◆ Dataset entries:
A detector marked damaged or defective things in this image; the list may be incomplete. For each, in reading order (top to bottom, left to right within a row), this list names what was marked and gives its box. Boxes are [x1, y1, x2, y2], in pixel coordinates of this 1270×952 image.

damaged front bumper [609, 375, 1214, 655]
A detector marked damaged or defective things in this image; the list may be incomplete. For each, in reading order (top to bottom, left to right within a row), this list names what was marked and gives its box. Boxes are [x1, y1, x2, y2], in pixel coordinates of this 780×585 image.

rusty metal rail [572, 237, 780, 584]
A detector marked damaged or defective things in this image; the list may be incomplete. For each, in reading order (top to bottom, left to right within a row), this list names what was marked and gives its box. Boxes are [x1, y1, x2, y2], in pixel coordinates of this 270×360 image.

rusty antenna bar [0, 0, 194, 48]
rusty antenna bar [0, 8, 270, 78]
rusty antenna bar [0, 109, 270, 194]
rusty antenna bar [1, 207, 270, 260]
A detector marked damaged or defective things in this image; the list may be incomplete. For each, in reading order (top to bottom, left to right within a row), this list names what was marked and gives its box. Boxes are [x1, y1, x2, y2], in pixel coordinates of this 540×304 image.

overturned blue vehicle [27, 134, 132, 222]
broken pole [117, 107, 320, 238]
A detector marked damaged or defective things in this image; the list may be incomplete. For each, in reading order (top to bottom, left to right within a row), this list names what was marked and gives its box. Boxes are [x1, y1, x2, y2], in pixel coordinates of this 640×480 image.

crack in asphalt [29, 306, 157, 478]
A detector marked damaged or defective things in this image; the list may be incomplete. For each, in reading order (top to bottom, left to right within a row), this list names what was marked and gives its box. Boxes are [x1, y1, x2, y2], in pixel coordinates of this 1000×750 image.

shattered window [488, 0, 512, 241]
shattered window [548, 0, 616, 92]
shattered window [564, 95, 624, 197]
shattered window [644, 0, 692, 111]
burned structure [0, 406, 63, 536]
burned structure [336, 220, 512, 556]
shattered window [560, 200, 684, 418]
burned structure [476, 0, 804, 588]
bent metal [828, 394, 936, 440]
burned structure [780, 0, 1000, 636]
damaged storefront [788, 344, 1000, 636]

◆ Task description: Repeat word for word each line from the one with "this 1000×750 image." to the end of the records above, inclusive.

◆ Answer to the problem:
A detector marked damaged or defective things in this image; the list may be incomplete. For each, in reading order (top to bottom, left to right within a row), this list names what was marked and gives its box. Boxes are [x1, y1, x2, y2], in pixel coordinates of this 1000×750 image.

shattered window [488, 0, 512, 241]
shattered window [548, 0, 616, 92]
shattered window [564, 95, 624, 197]
shattered window [644, 0, 692, 111]
burned structure [0, 406, 63, 536]
burned structure [336, 220, 512, 556]
shattered window [560, 200, 684, 418]
burned structure [476, 0, 804, 588]
bent metal [828, 394, 936, 440]
burned structure [780, 0, 1000, 636]
damaged storefront [788, 344, 1000, 636]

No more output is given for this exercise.